Characterization of Diffraction Grating Imaging Quality

Raytracing (using the laws of geometrical optics) is superior to wavefront aberration analysis in the determination of image quality. Aberration analysis is an approximation to image analysis, since it involves expanding quantities in infinite power series and considering only a few terms. Raytracing, on the other hand, does not involve approximations, but shows (in the absence of the diffractive effects of physical optics) where each ray of light incident on the grating will diffract. It would be more exact to design grating systems with a raytracing procedure as well, though to do so would be computationally cumbersome.

The set of intersections of the diffracted rays and the image plane forms a set of points, called a spot diagram. In Figure 8-1, several simple spot diagrams are shown; their horizontal axes are in the plane of dispersion (the tangential plane), and their vertical axes are in the sagittal plane. In (a) an uncorrected (out-of-focus) image is shown; (b) shows good tangential focusing, and (c) shows virtually point-like imaging. All three of these images are simplistic in that they ignore the effects of line curvature as well as higher-order aberrations (such as coma and spherical aberration), which render typical spot diagrams asymmetric, as in (d).

A straightforward method of evaluating the imaging properties of a spectrometer at a given wavelength is to measure the tangential and sagittal extent of an image (often called the width w' and height h' of the image, respectively).

Geometric raytracing provides spot diagrams in good agreement with observed spectrometer images, except for well-focused images, in which the wave nature of light dictates a minimum size for the image. Even if the image of a point object is completely without aberrations, it is not a point image, due to the diffraction effects of the pupil (which is usually the perimeter of the grating). The minimal image size, called the diffraction limit, can be estimated for a given wavelength by the diameter a of the Airy disk for a mirror in the same geometry:

α = 2.44λƒ/no_OUTPUT = 2.44λ (r'λ/Wcosβ) (8-1)

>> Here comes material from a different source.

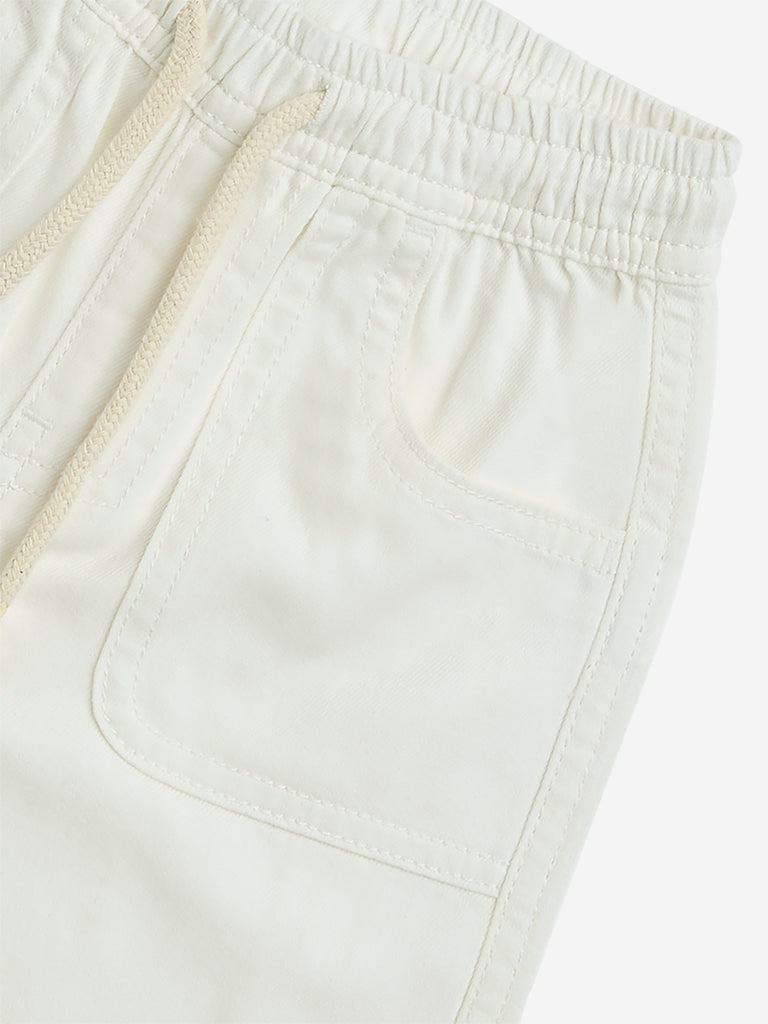 Westside HOP Boys' Kids White Mid-Rise Cotton Shorts for Casual Wear Zoom View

Here ƒ/no_OUTPUT is the output focal ratio, r'(λ) is the focal distance for this wavelength, and W is the width of the grating. Results from raytrace analyses that use the laws of geometrical optics only should not be considered valid if the dimensions of the image are found to be near or below the diffraction limit calculated from Eq. (8-1).

A fundamental problem with geometric raytracing procedures (other than that they ignore the variations in energy density throughout a crosssection of the diffracted beam and the diffraction efficiency of the grating) is its ignorance of the effect that the size and shape of the exit aperture has on the measured resolution of the instrument.

An alternative to merely measuring the extent of a spectral image is to compute its linespread function, which is the convolution of the (monochromatic) image of the entrance slit with the exit aperture (the exit slit in a monochromator, or a detector element in a spectrograph). A close physical equivalent is obtained by scanning the monochromatic image by moving the exit aperture past it in the image plane and recording the light intensity passing through the slit as a function of position in this plane.

The linespread calculation thus described accounts for the effect that the entrance and exit slit dimensions have on the resolution of the grating system.